Stein's attorneys have provided limited information in their request for attorney's fees: a table with the names of the attorneys who worked on the case, their titles, the number of hours they worked, and their rates. (Gershon Decl. ¶ 3). The documents do not contain the hours attributable to each task and describe the nature of the work only in the most general sense. (E.g., id. ("The time was spent on researching the law, analyzing the facts, . . . drafting the complaint . . . [and] papers, and arguing before this Court the motion for a preliminary injunction; analyzing the Defendant corporation's certificates of incorporation, bylaws, and SEC filings while considering such options as filing an amended complaint or filing a complaint in . . . Delaware; negotiating with Defendant's counsel the filing of the Defendant corporation's correct certificate[.]")). Such general descriptions, without the dates and time for each task, do not satisfy Carey. Nor has Stein submitted contemporaneous time records. In his declaration, Arnold Gershon (one of Stein's attorneys) avers that "[t]he time spent and the work done is reflected in my firm's records and are based on accurate and contemporaneously entered data." (Id.). Gershon, however, does not include any of these records, and an attorney's declaration that he has such records is not sufficient to satisfy the Carey requirement that the records themselves be provided.

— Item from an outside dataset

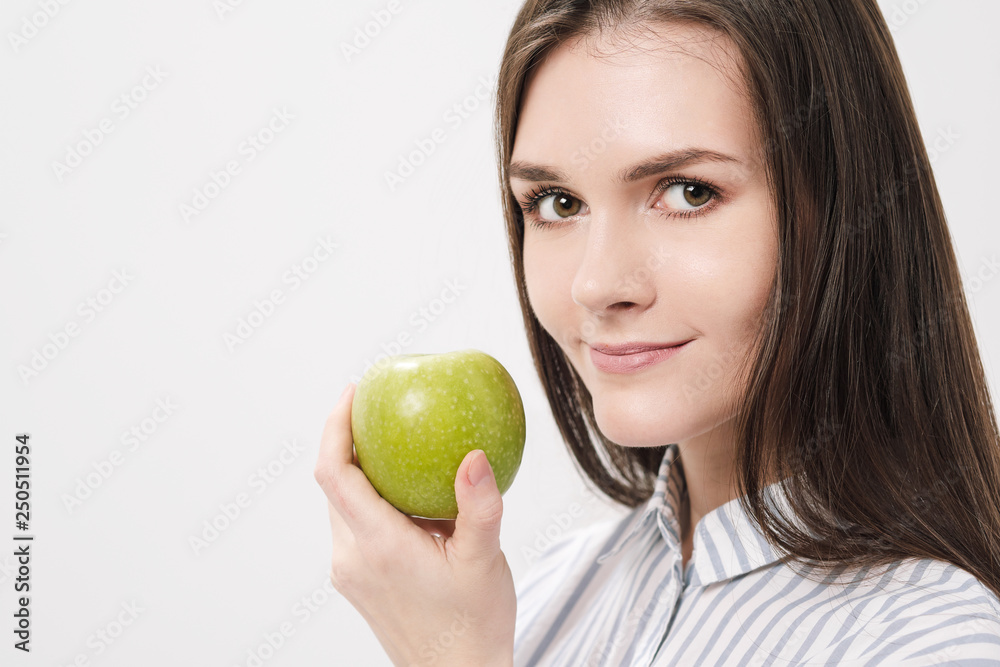 Young beautiful brunette girl on a white background holding a fresh green apple. Young beautiful brunette girl on a white background holding a fresh green apple.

Stein's deficient fee application requires that the motion be denied. See, e.g., Karlin, 2012 WL 1228199, at *6 (denying fee application without prejudice for failure toprovide timesheets); Genn v. New Haven Bd. of Educ., No. 12-CV-704, 2017 WL 2079648, at *2 (D. Conn. May 15, 2017) ("'Carey establishes a strict rule from which attorneys may deviate only in the rarest of cases.' Plaintiff counsel has deviated from Carey . . . and has not provided any indication that hers is 'the rarest of cases' meriting such deviation.") (citation omitted) (quoting Scott, 626 F.3d at 133, and denying fee application based on attorney's "work log"); Jerolmon v. Astrue, No. 10-CV-267, 2013 WL 210898, at *2 (D. Conn. Jan. 18, 2013) ("The problem with Plaintiff's . . . application for an award of his attorney's fees is that the . . . Firm has not submitted contemporaneous time records in support of the application."); Cablevision Sys. N.Y.C. Corp. v. Diaz, No. 01-CV-4340, 2002 WL 31045855, at *5 (S.D.N.Y. July 10, 2002) (denying attorney's fees because the application only included attorney names, professional experience, and billing rate), report and recommendation adopted, Order dated Aug. 7, 2002, Dkt. No. 12.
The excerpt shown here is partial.